# [ENTRIES SHOWN]
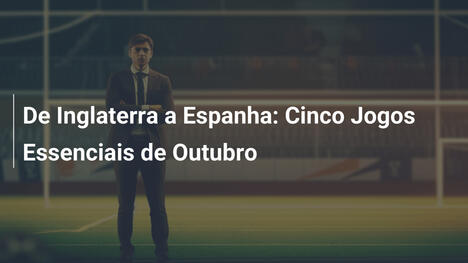 De Inglaterra a Espanha: Cinco Jogos Essenciais de Outubro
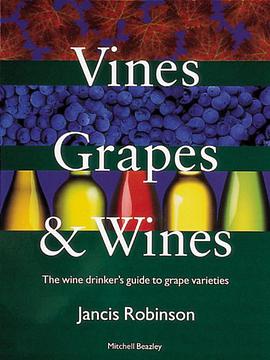 Vines, Grapes & Wines pdf epub mobi 电子书 下载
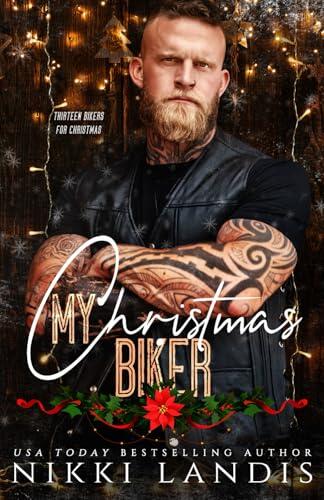 My Christmas Biker: A Saint's Outlaws MC Prequel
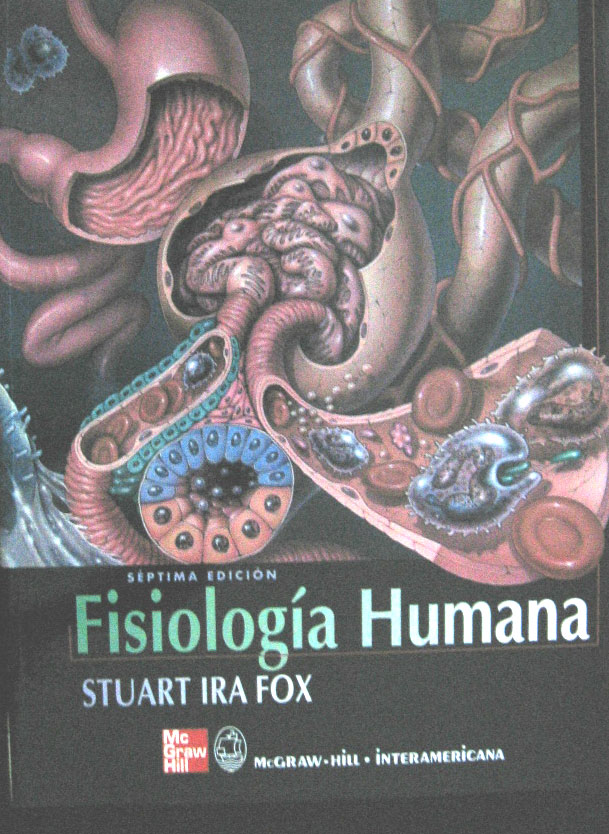 Libro: Fisiologia Humana 7a. Edicion Autor: Ira Fox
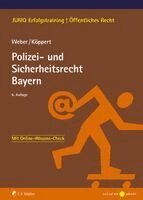 Tobias Weber, Valentin Köppert - Polizei- und Sicherheitsrecht Bayern, Häftad. Tillgänglighet: Lägg i varukorg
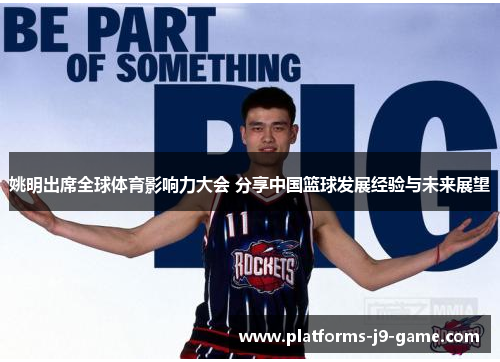 姚明出席全球体育影响力大会 分享中国篮球发展经验与未来展望 姚明出席全球体育影响力大会 分享中国篮球发展经验与未来展望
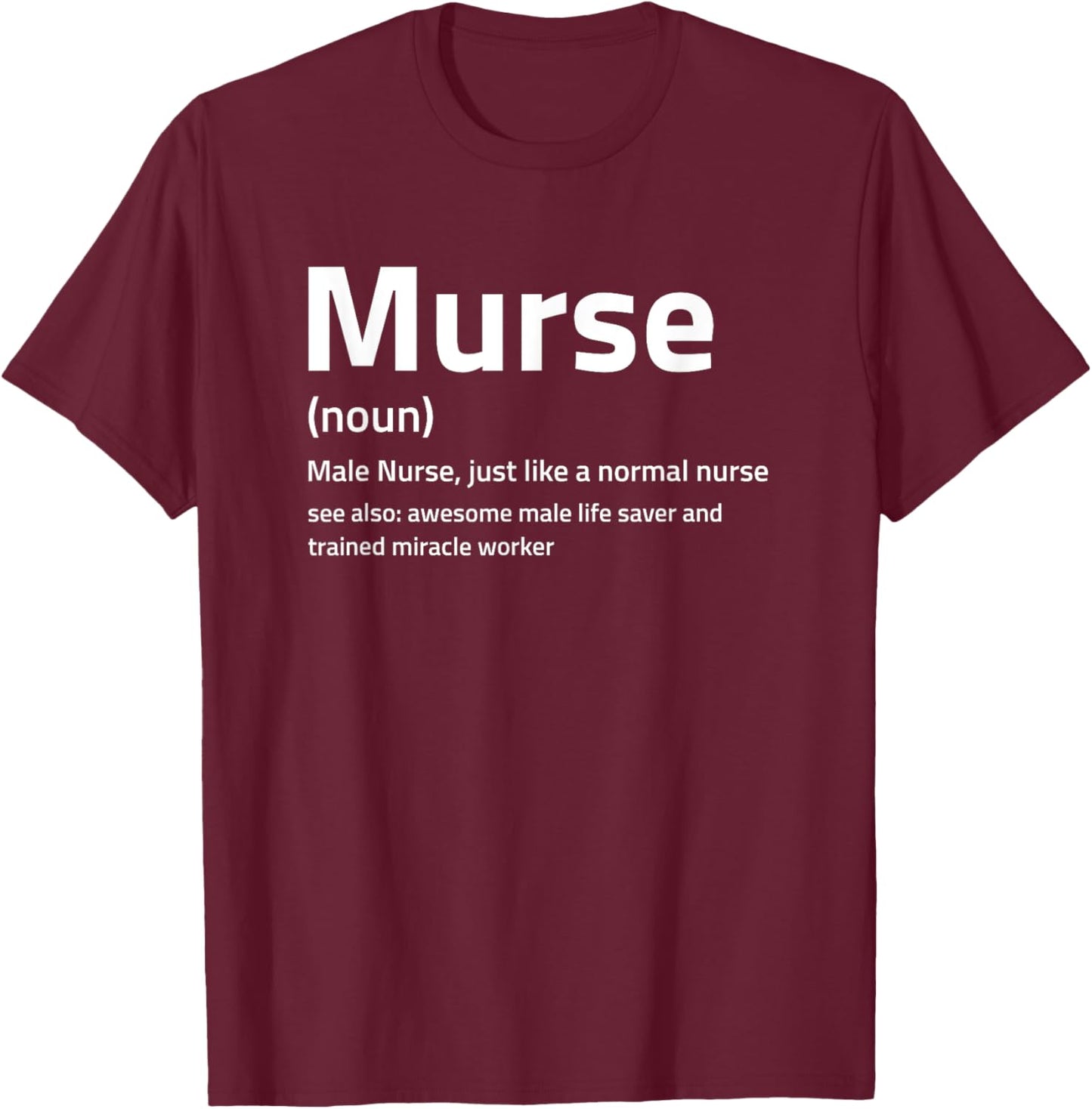 Funny Murse Definition I Male Nurse T-Shirt - T-Shirt | Maroon
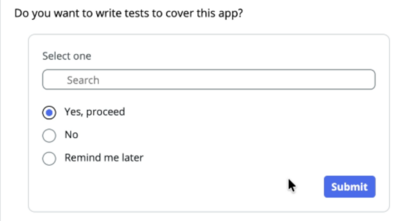 Prompt asking whether to write tests to cover the app, with Yes, proceed selected and a Submit button.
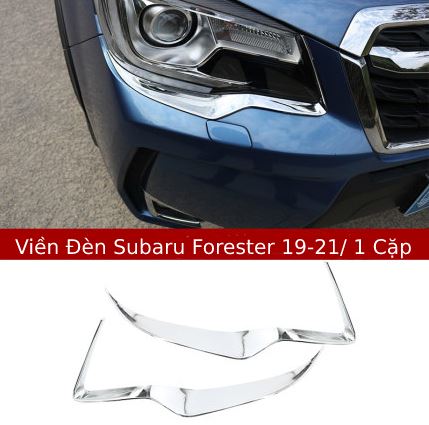 Viền Đèn Pha Subaru Forester 19-21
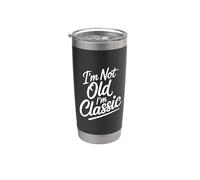 I'm Not Old I'm Classic Bicchiere termico in acciaio inox doppia parete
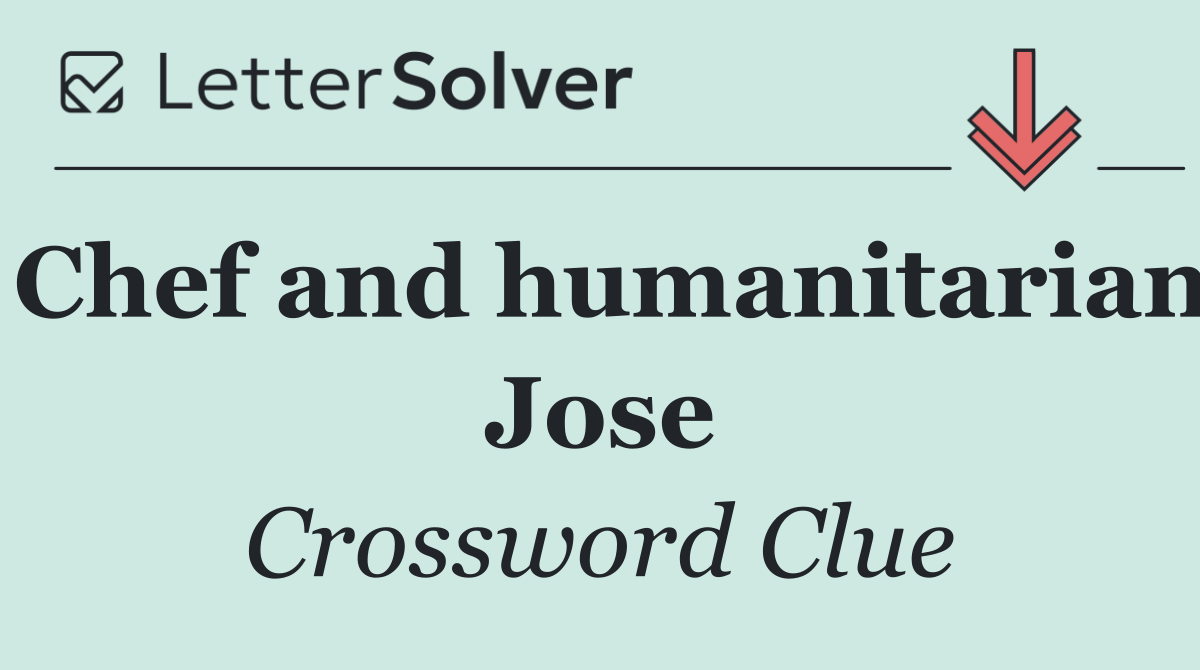 Chef and humanitarian Jose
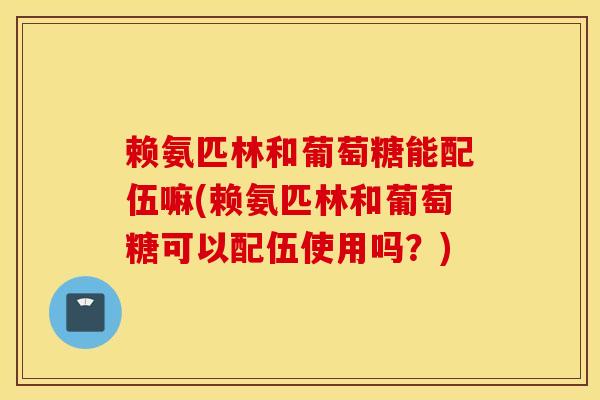 赖氨匹林和葡萄糖能配伍嘛(赖氨匹林和葡萄糖可以配伍使用吗？)
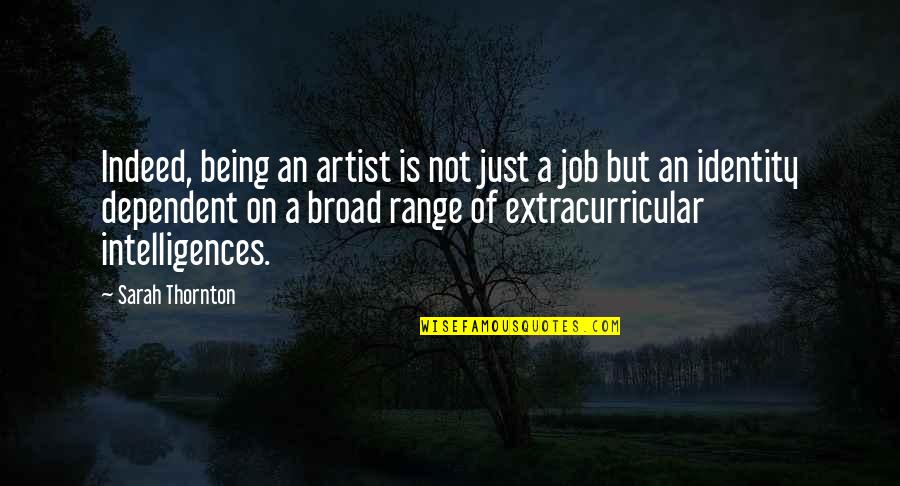 Not Dependent Quotes By Sarah Thornton: Indeed, being an artist is not just a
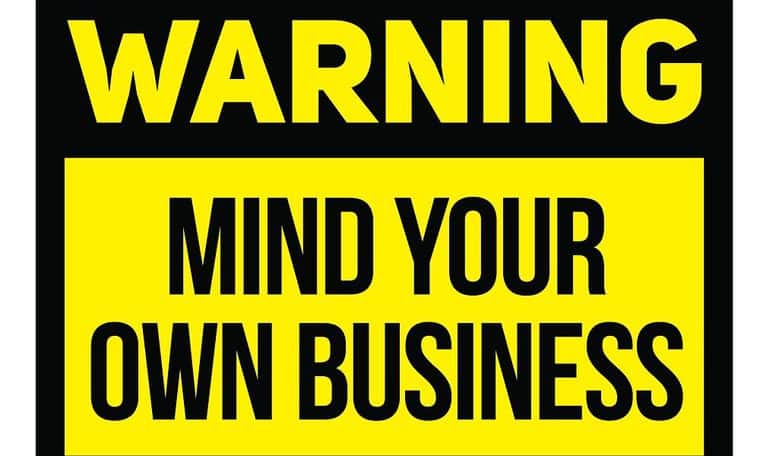 50 Mind Your Business Quotes To Navigate This Rude Social Situation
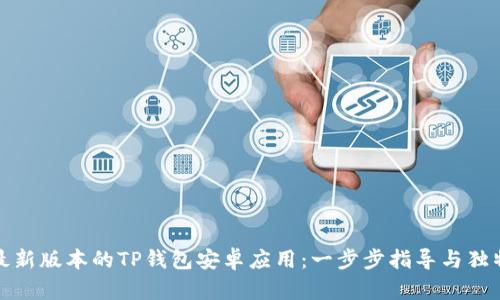 如何下载最新版本的TP钱包安卓应用：一步步指导与独特功能揭秘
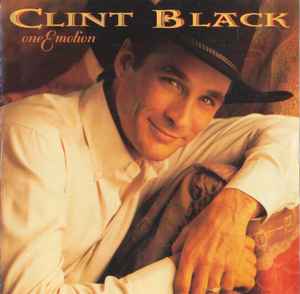 Clint Black - One Emotion (RC) Clint Black One Emotion (RC)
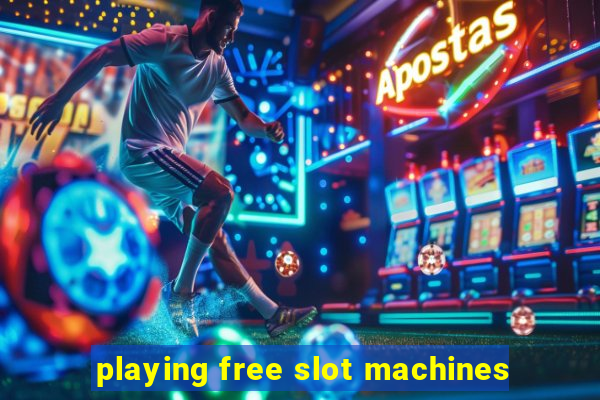 playing free slot machines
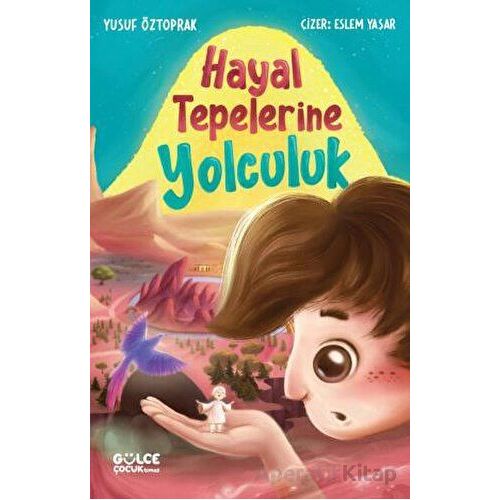 Hayal Tepelerine Yolculuk - Yusuf Öztoprak - Timaş Gülce Çocuk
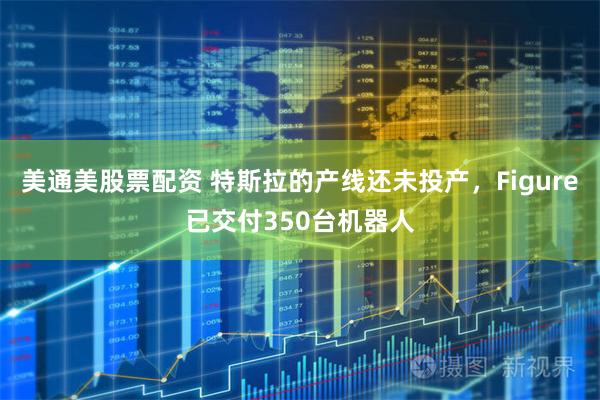 美通美股票配资 特斯拉的产线还未投产，Figure已交付350台机器人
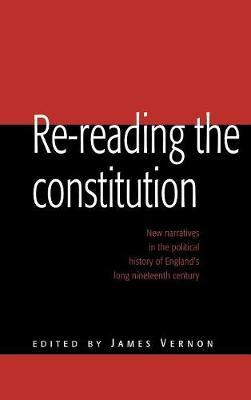 Re-reading the Constitution: New Narratives in the Political History of England's Long Nineteenth Century - cover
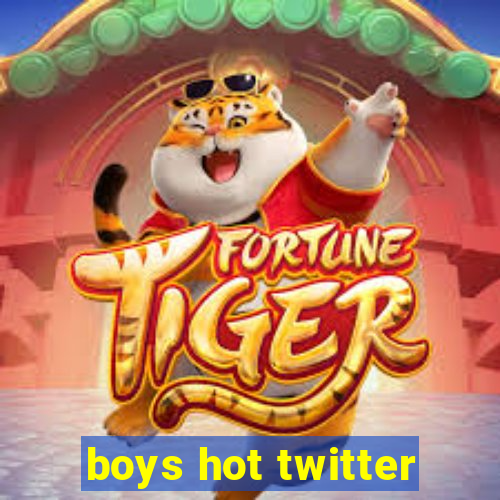 boys hot twitter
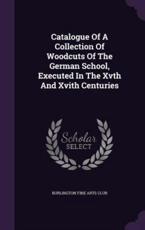 Catalogue of a Collection of Woodcuts of the German School, Executed in the Xvth and Xvith Centuries - Burlington Fine Arts Club (creator)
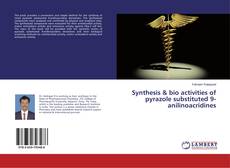 Buchcover von Synthesis & bio activities of pyrazole substituted 9-anilinoacridines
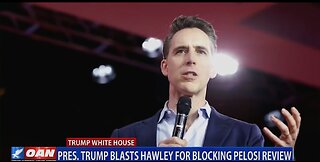 PRESIDENT TRUMP BLASTS HAWLEY FOR BLOCKING PELOSI REVIEW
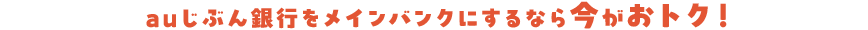 auじぶん銀行をメインバンクにするなら今がおトク！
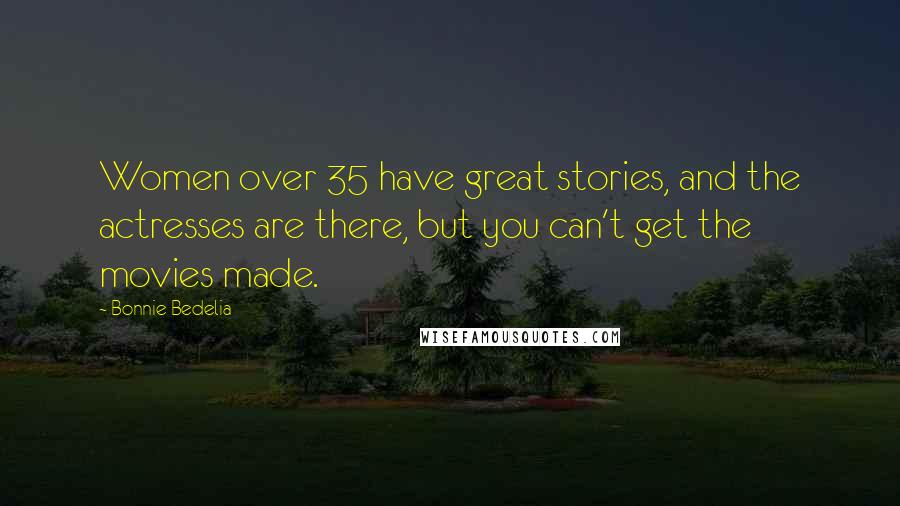 Bonnie Bedelia Quotes: Women over 35 have great stories, and the actresses are there, but you can't get the movies made.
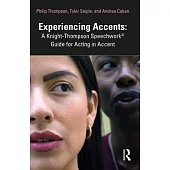 Experiencing Accents: A Knight-Thompson Speechwork(r) Guide to Acting in Accent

# [REQUIRED ACTION]
Start at the line containing "Vines, Grapes & Wines pdf epub mobi 电子书 下载" above and stop at the line containing "美通美股票配资 特斯拉的产线还未投产，Figure已交付350台机器人". Output those lines exactly, both included, but none of the pictures.

# [SOLUTION TO THE PROBLEM]
 Vines, Grapes & Wines pdf epub mobi 电子书 下载
 My Christmas Biker: A Saint's Outlaws MC Prequel
 Libro: Fisiologia Humana 7a. Edicion Autor: Ira Fox
 Tobias Weber, Valentin Köppert - Polizei- und Sicherheitsrecht Bayern, Häftad. Tillgänglighet: Lägg i varukorg
 姚明出席全球体育影响力大会 分享中国篮球发展经验与未来展望 姚明出席全球体育影响力大会 分享中国篮球发展经验与未来展望
 Funny Murse Definition I Male Nurse T-Shirt - T-Shirt | Maroon
 Prompt asking whether to write tests to cover the app, with Yes, proceed selected and a Submit button.
 Viền Đèn Pha Subaru Forester 19-21
 I'm Not Old I'm Classic Bicchiere termico in acciaio inox doppia parete
 Chef and humanitarian Jose
 赖氨匹林和葡萄糖能配伍嘛(赖氨匹林和葡萄糖可以配伍使用吗？)
 Not Dependent Quotes By Sarah Thornton: Indeed, being an artist is not just a
 50 Mind Your Business Quotes To Navigate This Rude Social Situation
 如何下载最新版本的TP钱包安卓应用：一步步指导与独特功能揭秘
 Clint Black - One Emotion (RC) Clint Black One Emotion (RC)
 playing free slot machines
 Hayal Tepelerine Yolculuk - Yusuf Öztoprak - Timaş Gülce Çocuk
 美通美股票配资 特斯拉的产线还未投产，Figure已交付350台机器人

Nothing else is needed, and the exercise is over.